ASSIGNED TASK: Print the data exactly. Pictures stay out.

PROVIDED DATA:
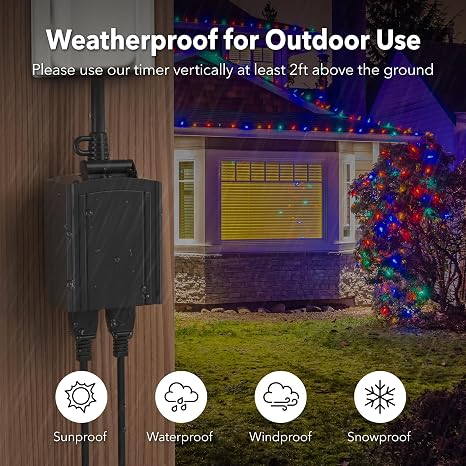 BN-LINK Outdoor 24-Hour Mechanical Timer Outlet, 2 Grounded Outlets
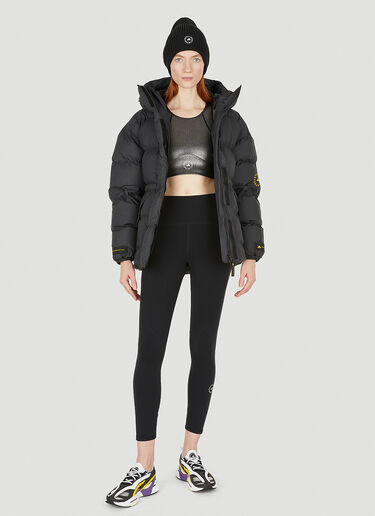 로고 프린트 메탈릭 크롭 탑 adidas by Stella McCartney 로고 프린트 메탈릭 크롭 탑 블랙 asm0250018
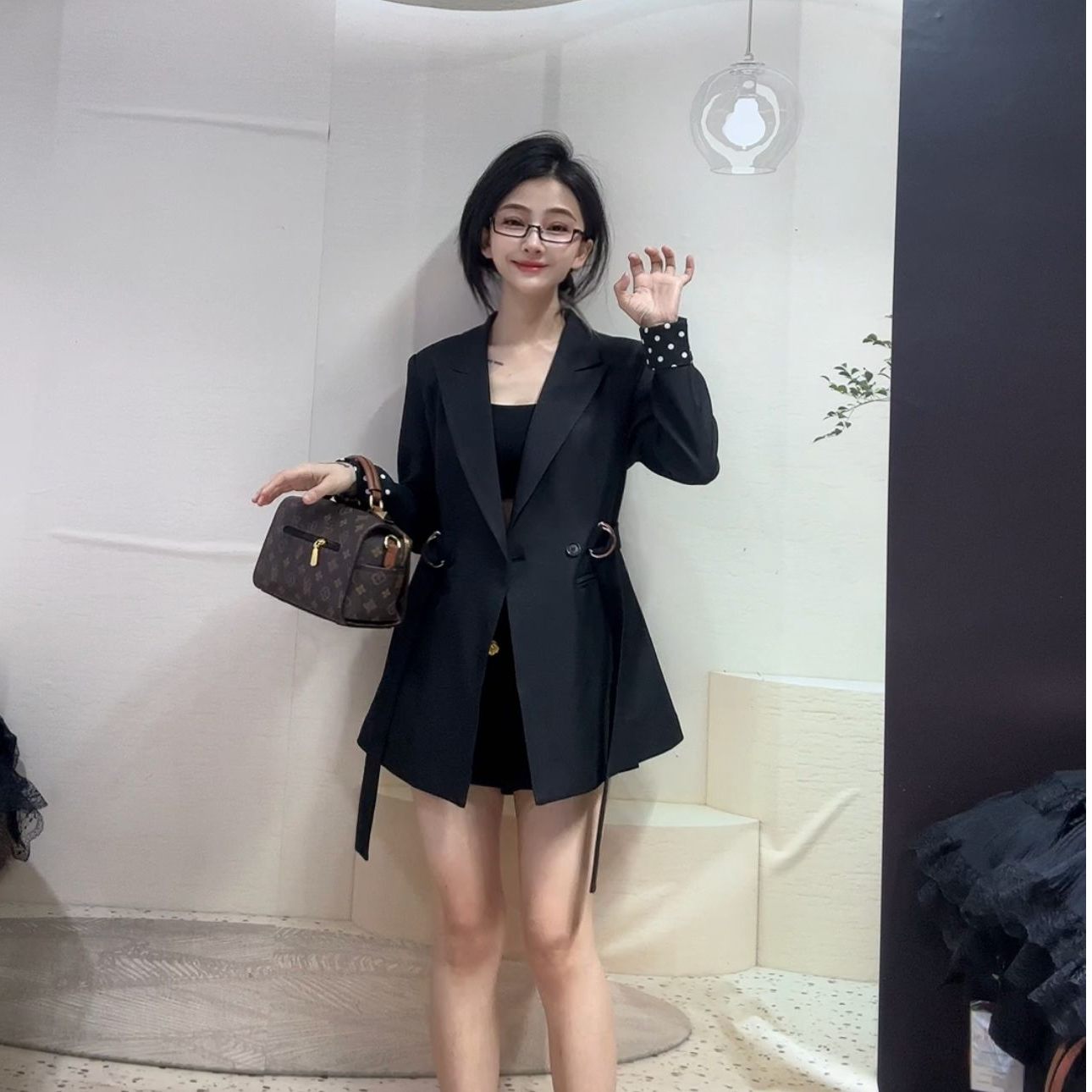 小个子定制2025秋季新款手袖翻边短款收腰西服外套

EXPECTED ANSWER:
 BN-LINK Outdoor 24-Hour Mechanical Timer Outlet, 2 Grounded Outlets
 로고 프린트 메탈릭 크롭 탑 adidas by Stella McCartney 로고 프린트 메탈릭 크롭 탑 블랙 asm0250018
 小个子定制2025秋季新款手袖翻边短款收腰西服外套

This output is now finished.